A home should have a controlled path of breathing.  In Chicagoland’s first Passive House project, we used an energy recovery ventilator (ERV) to manage controlled air exchanges.  This system exhausts air out the rooms that tend to contain moisture and smells, such as the bathrooms, laundry room, and kitchen.  That air passes through the ERV box where the incoming fresh air (lets assume winter – it will pre-cool and dehumidify in summer) is pre-heated and humidified before entering the home.  The heat recovery is rated at 85% so it recovers most of the energy from the outgoing air.  It is also filtered before it enters the ERV as well as filtered again before it leaves the ERV to supply all of your living areas and bedrooms with constant fresh air.  Both filters are rated at MERV 13, which is the rating used for surgery rooms.  The system runs 24/7/365 at a very low cfm to provide constant clean fresh air, but at the low cost of $3 a month with the super efficient ECM motor.  It changes the complete volume of the air every 3 hours!   Sound expensive?  It’s not, like I said before, we spent much less money on our mechanical systems than a code built home.

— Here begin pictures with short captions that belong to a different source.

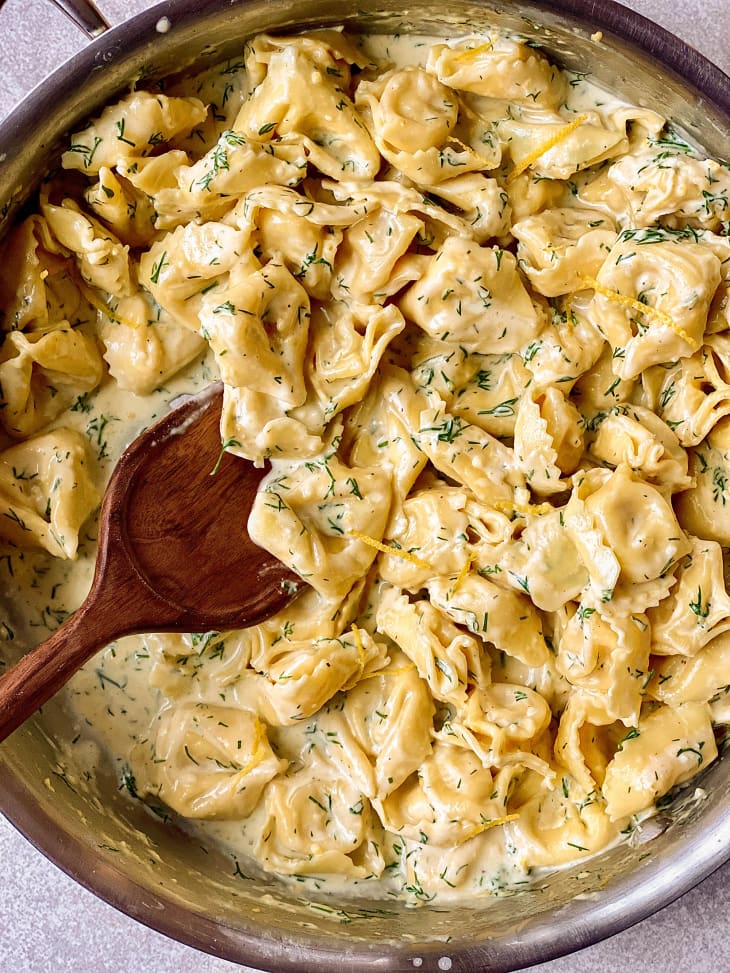 Lemon dill tortellini in skillet.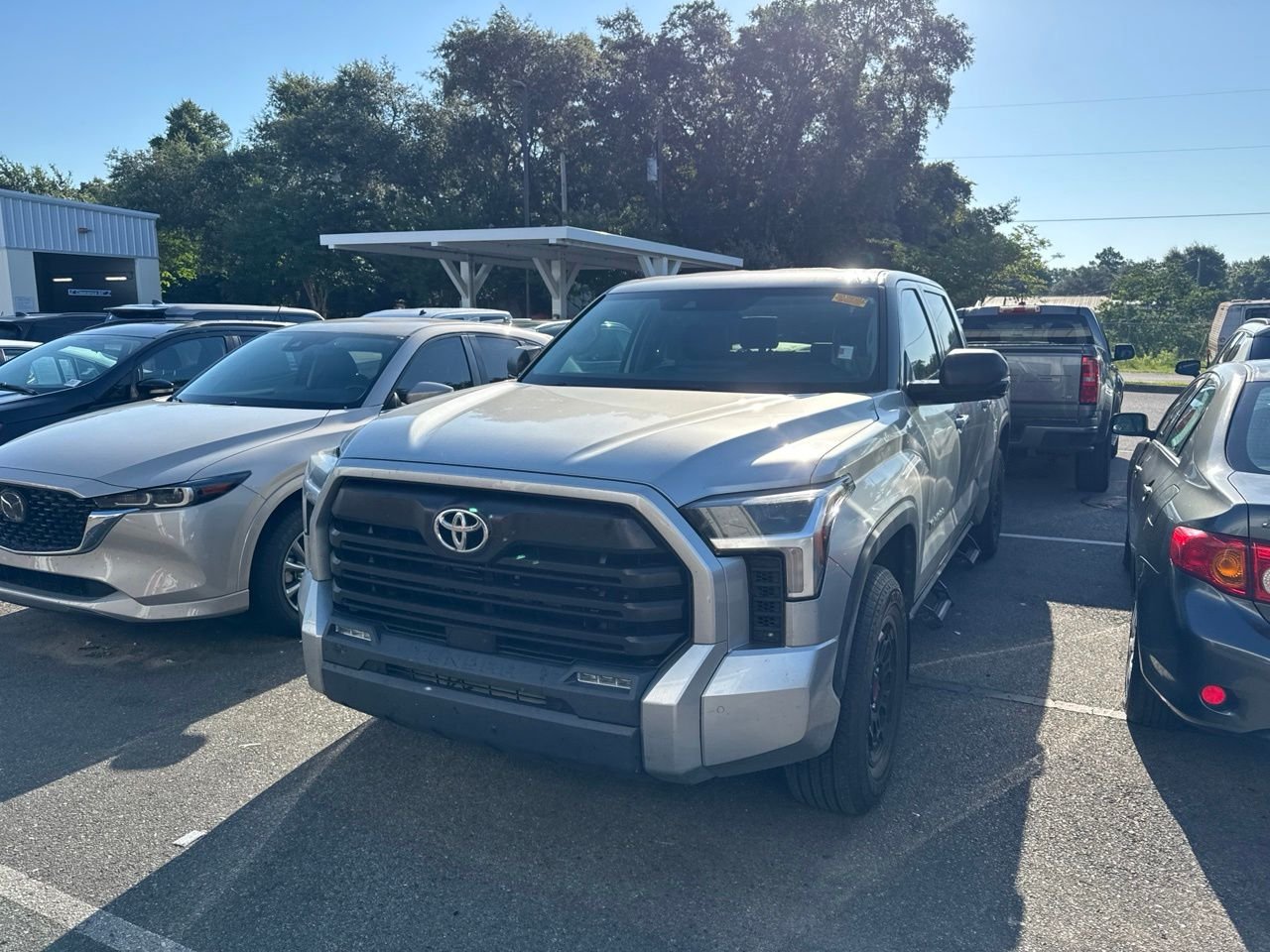 2022 Toyota Tundra SR5 3.4L 4WD CrewMax 5.5' Bed's photo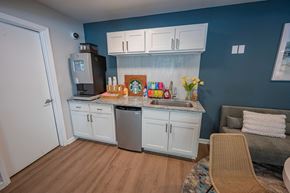 Wilmington apartment for rent - Complimentary Starbucks Coffee and Snack Bar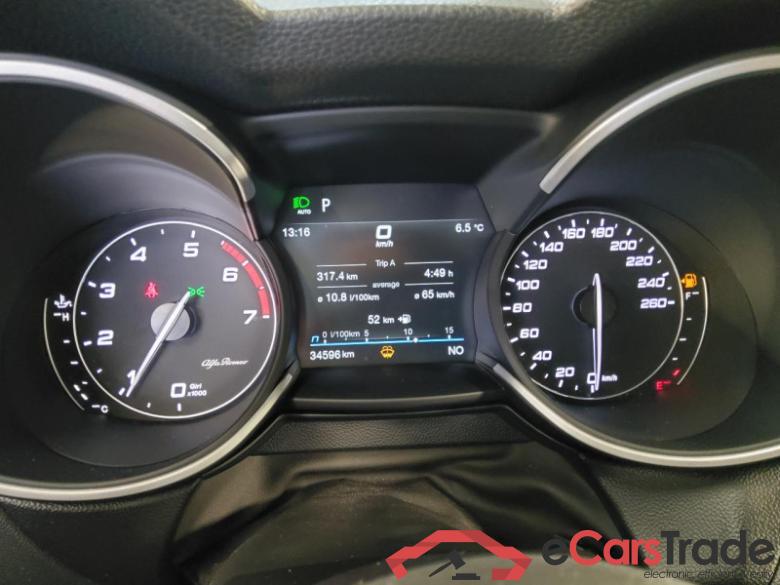 Alfa Romeo Stelvio (630)(2017->) DE - SUV5 2.0 Turbo 16V EU6d, Super Q4 (EURO 6d), (Facelift) 2020 - 2021 #6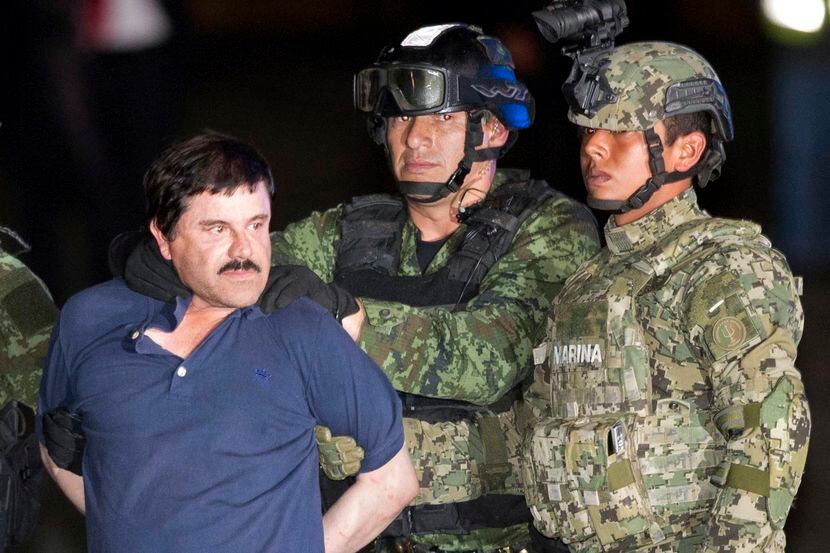 Efectivos del ejército y la marina mexicana obligan al jefe narcotraficante mexicano Joaquín...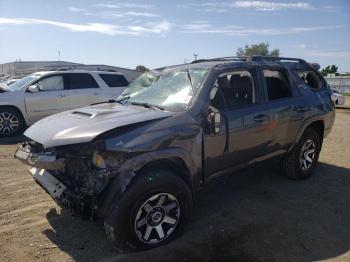  Salvage Toyota 4Runner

No Traditional Furnace In Chicago?

 

It is true that WBD’s first Passive House does not contain a forced air furnace or air conditioning system.  Most of the heating comes from sunlight through the windows, internal gains by appliances and cooking, body heat given off by the inhabitants, and lighting.   There is an extremely low heating load on the house of 13,500 BTU’s.  This house runs on 2 wall mount minisplit heat pumps.  There is one on the first floor and one on the second floor.   They are point source so they distribute the heat to the two rooms they are in, but the ERV unit mixes the air in the home like a “Vitamix for air” so that heating or cooling is distributed through the home.  The benefit is having no duct system for heating and cooling which also equates to much less dust than a traditional home.

Anything Else On Health?

 

I’m glad you asked.  Even though we have a mechanical ventilation system to filter air and do fresh air exchanges, I really wanted to focus on indoor air quality with regards to the materials that went into the home.  Every product that was used in construction  and was researched with regards to indoor air quality.  We used third party certified products for indoor air quality such as GreenGuard Children & Schools.  Many products on the market make green claims and make up their own in house green certification to stamp on it.  Most homeowners and builders do not realize this but with air quality being the priority of construction methods at Weiss Building & Development, we are onto their “games”.  Third party certification tests for sVOCs, tVOCs, formaldehyde, and all aldehydes.  This ensures we can track various products and continually make improvements to the air quality in our homes.  These tests show that our homes are up to 70% better air quality than other new construction homes.

Chicago’s first Passive House is at the cutting edge in terms of energy efficiency and health and also became a pilot project for a Healthy Home Initiative, a partner of the Healthy Child Healthy World non-profit organization.